Sur plusieurs points, la production corrige le tir par rapport au précédent volet. Il y a trois ans, on regrettait le peu de soin apporté aux effets spéciaux. Ceux-ci n’avaient pas le même rendu réaliste que l’association astucieuse et gagnante des animatroniques de Stan Winston avec les sfx d’Industrial Light & Magic. Pour cette nouvelle livraison, Juan Antonio Bayona mise davantage sur les techniques robotiques et semble avoir été plus exigeant vis-à-vis des animateurs d’ILM. Exit la plastique quelque peu fake, le virtuel devient réel. Tant sur le plan de la faune que des décors. A aucun moment, ou presque, les CGI ne viennent gêner la rétine. Des effets numériques qui aident Bayona à s’illustrer sur le terrain de l’horreur et à offrir l’une ou l’autre belle scène d’ambiance, laissant çà et là un brin d’effroi s’installer, ce que n’avait pas réussi à faire Trevorrow. Mais difficile pour le Barcelonais de se mesurer à Spielberg pour ce qui est de la frousse. Seulement, la saga, comme d’habitude, pèche par un sursaut de démesure. Il suffit d’épingler les problèmes d’échelle des dinosaures pour s’en rendre compte. D’une scène à l’autre, la taille des lézards géants change, en fonction de l’environnement dans lequel ils évoluent.

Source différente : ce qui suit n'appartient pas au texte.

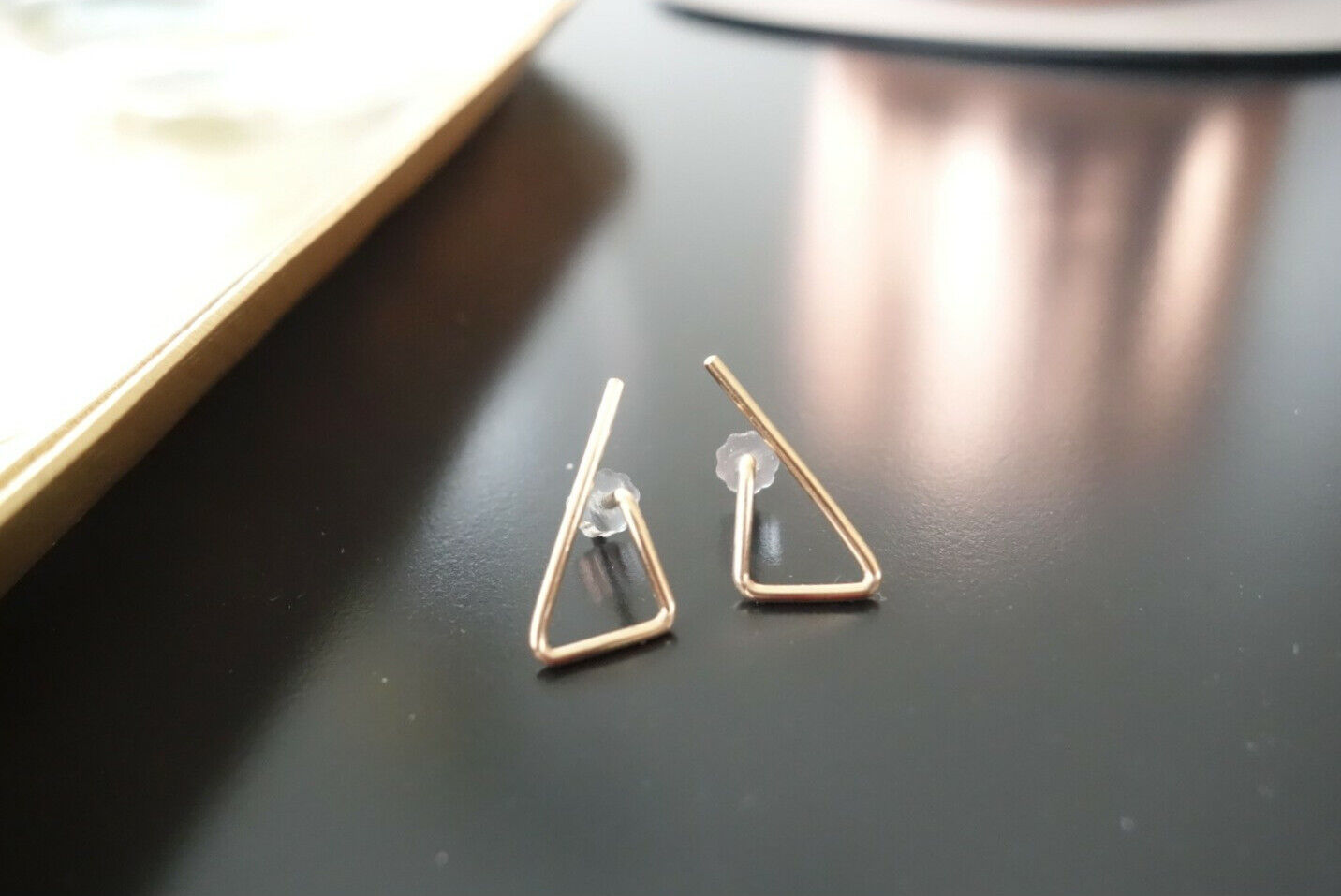 Aretes triangulares pequeños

La partie dans le manoir est à ce titre particulièrement granguignolesque. Encore une facilité. Une de plus dans une sequel qui les aligne sans ménagement durant un petit peu plus de deux heures.

VIII. Bigger than life

En substance, ceux venus chercher un divertissement bigger than life y trouveront leur compte, le film étant particulièrement généreux en scènes d’action. Les autres, plus pointilleux, risquent de perdre patience. Les aficionados de la première heure, toujours à la recherche de cette dose d’émerveillement qui fait défaut aux suites de la saga, se désoleront quant à eux de voir que la franchise n’a jamais réussi à surfer sur les bonnes idées de l’œuvre originale. Et ce qui est annoncé pour le sixième volet risque bien d’annihiler tous les espoirs d’un éventuel retour à l’héritage du métrage de 1993.